Directions for this task: Every line with the word "over" in it should be extracted from the data that follows.
=== Data provided ===
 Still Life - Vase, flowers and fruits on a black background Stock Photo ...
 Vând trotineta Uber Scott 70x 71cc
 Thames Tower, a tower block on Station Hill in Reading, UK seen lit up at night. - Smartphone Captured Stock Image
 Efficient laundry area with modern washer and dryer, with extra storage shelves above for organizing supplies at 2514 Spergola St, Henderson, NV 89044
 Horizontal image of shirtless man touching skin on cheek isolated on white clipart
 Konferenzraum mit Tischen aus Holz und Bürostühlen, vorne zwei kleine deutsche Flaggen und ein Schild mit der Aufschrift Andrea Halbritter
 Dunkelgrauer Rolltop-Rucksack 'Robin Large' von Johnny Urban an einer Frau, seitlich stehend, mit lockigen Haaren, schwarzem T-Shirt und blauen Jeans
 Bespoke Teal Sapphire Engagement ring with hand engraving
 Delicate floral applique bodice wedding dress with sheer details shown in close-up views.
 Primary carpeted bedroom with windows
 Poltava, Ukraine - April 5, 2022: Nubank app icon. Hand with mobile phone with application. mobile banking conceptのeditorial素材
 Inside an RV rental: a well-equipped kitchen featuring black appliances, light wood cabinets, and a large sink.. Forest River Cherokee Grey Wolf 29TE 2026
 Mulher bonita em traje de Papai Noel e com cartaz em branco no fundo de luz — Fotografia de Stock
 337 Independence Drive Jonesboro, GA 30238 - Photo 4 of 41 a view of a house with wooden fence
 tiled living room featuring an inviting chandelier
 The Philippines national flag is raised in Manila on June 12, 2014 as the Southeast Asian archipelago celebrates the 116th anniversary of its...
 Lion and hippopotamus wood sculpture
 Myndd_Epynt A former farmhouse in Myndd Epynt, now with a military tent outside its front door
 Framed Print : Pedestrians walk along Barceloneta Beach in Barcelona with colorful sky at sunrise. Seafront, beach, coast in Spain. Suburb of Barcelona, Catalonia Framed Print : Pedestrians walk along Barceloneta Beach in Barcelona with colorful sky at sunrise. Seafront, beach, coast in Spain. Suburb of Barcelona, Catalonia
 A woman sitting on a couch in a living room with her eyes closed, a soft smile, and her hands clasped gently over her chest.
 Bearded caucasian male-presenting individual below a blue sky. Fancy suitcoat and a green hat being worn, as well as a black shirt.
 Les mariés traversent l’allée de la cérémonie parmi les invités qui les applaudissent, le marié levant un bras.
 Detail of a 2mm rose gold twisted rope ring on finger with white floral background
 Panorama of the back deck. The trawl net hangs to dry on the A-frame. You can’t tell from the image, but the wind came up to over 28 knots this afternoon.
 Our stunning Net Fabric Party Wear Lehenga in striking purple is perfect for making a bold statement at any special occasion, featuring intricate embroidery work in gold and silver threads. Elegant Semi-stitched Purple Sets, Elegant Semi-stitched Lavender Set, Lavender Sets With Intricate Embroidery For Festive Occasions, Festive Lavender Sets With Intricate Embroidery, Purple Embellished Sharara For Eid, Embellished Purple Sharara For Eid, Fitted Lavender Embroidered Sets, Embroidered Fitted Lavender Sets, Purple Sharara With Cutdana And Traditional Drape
===
Written reply:
 A woman sitting on a couch in a living room with her eyes closed, a soft smile, and her hands clasped gently over her chest.
 Panorama of the back deck. The trawl net hangs to dry on the A-frame. You can’t tell from the image, but the wind came up to over 28 knots this afternoon.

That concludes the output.